While similar disclosures have tarnished the Vatican’s image in other countries, perhaps nowhere have they shaken a whole society so thoroughly or so intensely as in Ireland. And so when the normally mild-mannered prime minister, Enda Kenny, unexpectedly took the floor in Parliament this summer to criticize the church, he was giving voice not just to his own pent-up feelings, but to those of a nation. His remarks were a ringing declaration of the supremacy of state over church, in words of outrage and indignation that had never before been used publicly by an Irish leader. “For the first time in Ireland, a report into child sexual abuse exposed an attempt by the Holy See to frustrate an inquiry into a sovereign, democratic republic as little as three years ago, not three decades ago,” Mr. Kenny said, referring to the Cloyne Report, which detailed abuse and cover-ups by church officials in southern Ireland through 2009.

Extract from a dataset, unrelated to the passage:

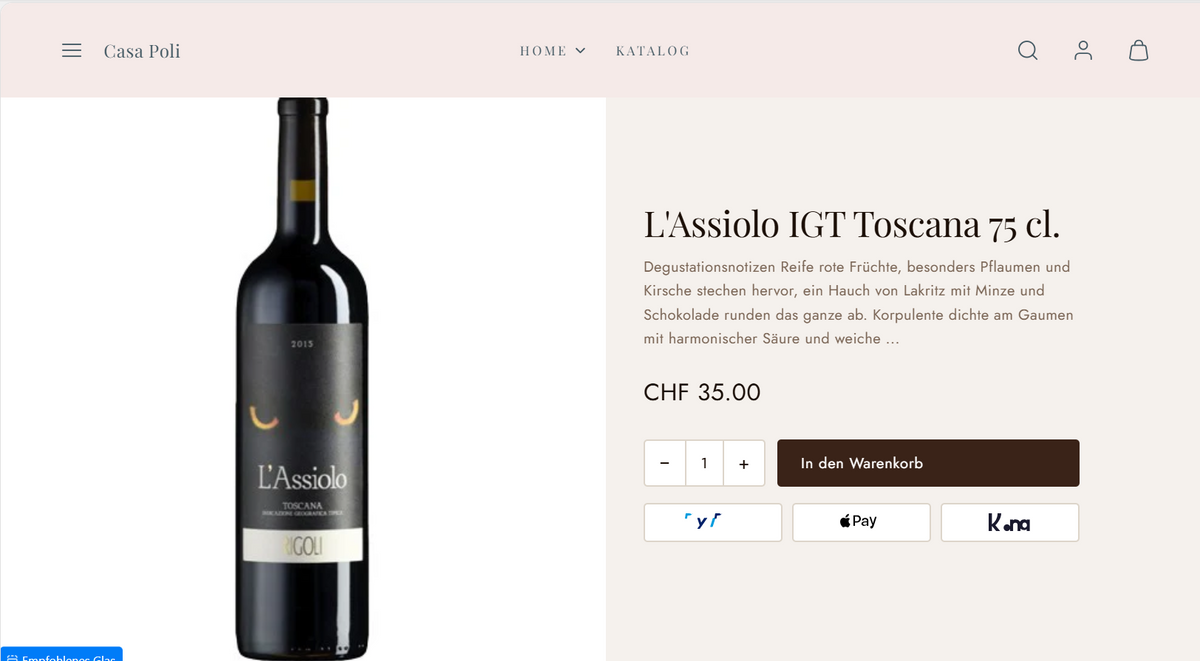 Azienda Agricola Rigoli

Reiterating the report’s claim that the church had encouraged bishops to ignore child-protection guidelines the bishops themselves had adopted, the prime minister attacked “the dysfunction, the disconnection, the elitism” that he said “dominate the culture of the Vatican. The rape and torture of children were downplayed, or ‘managed,’ to uphold instead the primacy of the institution — its power, its standing and its reputation.” Instead of listening with humility to the heartbreaking evidence of “humiliation and betrayal,” he said, “the Vatican’s response was to parse and analyze it with the gimlet eye of a canon lawyer.” The effect of his speech was instant and electric.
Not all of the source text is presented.